The Chamber of Mines is the mining industry employer organization representing 67 companies which are responsible for the production of 90% of South Africa’s mineral production. It defines its key role as “the facilitation of interaction among mining employers to examine policy issues and other matters of mutual concern to crystallise and define desirable industry standpoints.” The Chamber met with the ANC to voice its dissatisfaction with the “flawed process”, the content and the “continuing consequences” of the Mining Charter.

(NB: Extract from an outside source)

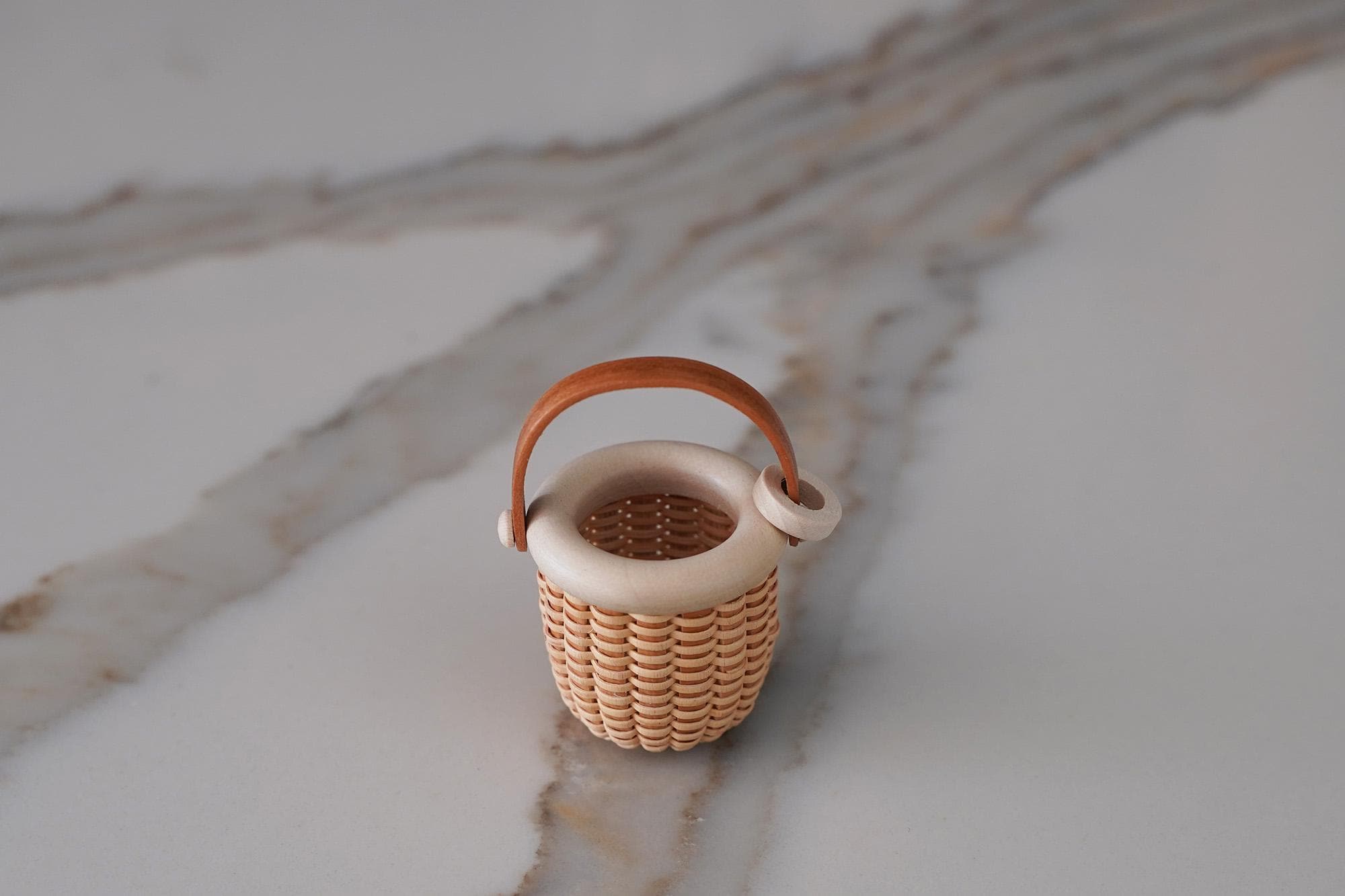 フルラッチタイプミニナンタケットバスケット（人工象牙）1インチ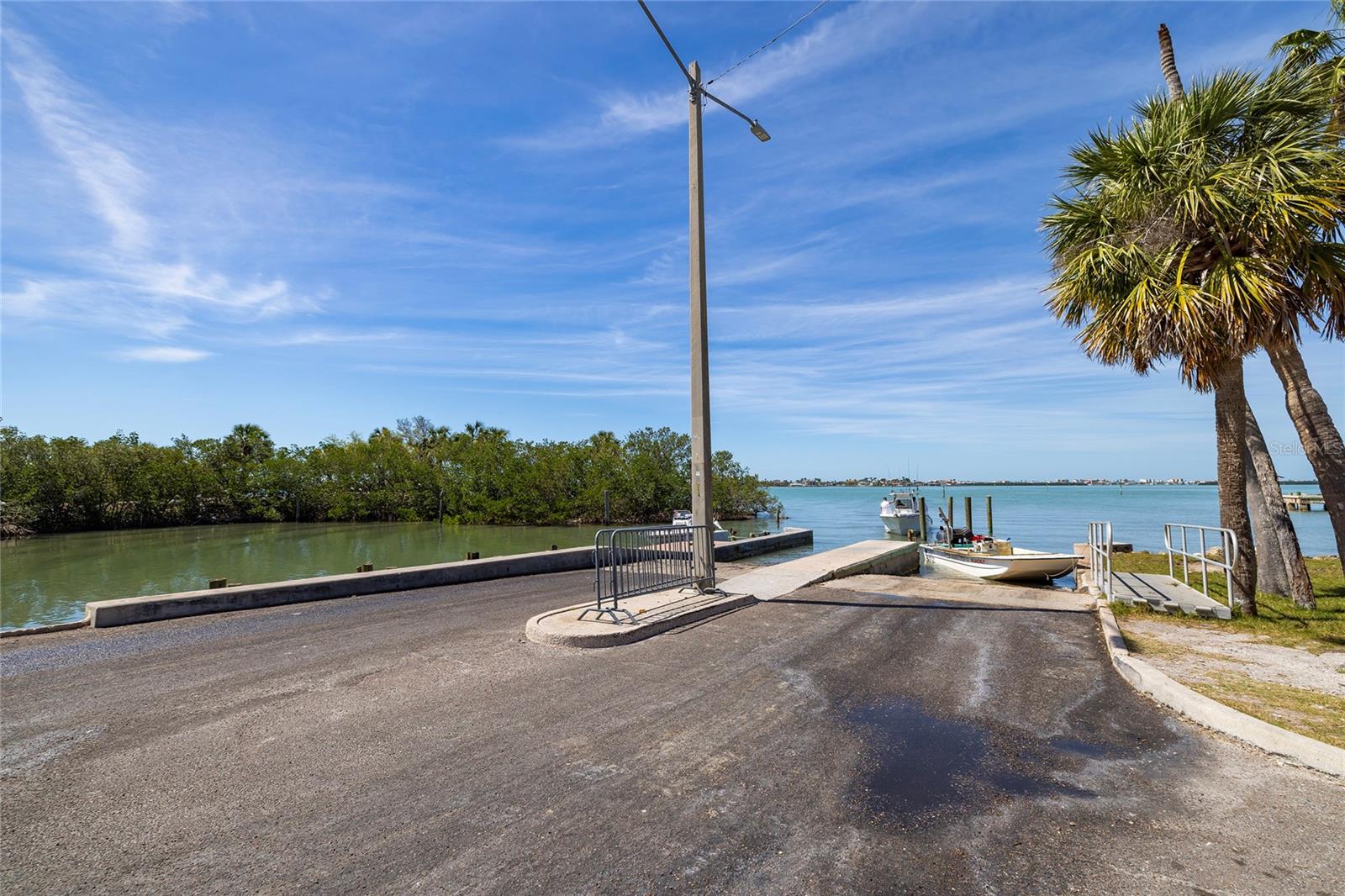 1433 PARK ST N, ST PETERSBURG, FL — photo 82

In the meeting representatives of the mining industry called on the ANC to intervene and mediate in the impasse between the industry and the Department of Mineral Resources. “We want to go back to the negotiating table with government in order to emerge with a solution that must work for both parties. Through thorough negotiation, as we had in the development of the first and second Mining Charters, we are confident that we may come up with an outcome that responds to the urgent national imperative of transformation whilst retaining the vision of a globally competitive mining industry” said the industry.
In particular the Chamber decries what it has called a lack of consultation on the amendments in the mining charter claiming that the new Charter is “fundamentally different from the draft Charter published in April last year.” According to the Chamber, “the content proposed has very draconian measures most of which are brand new ideas which being parachuted into the new Charter after extensive discussions had already been held.”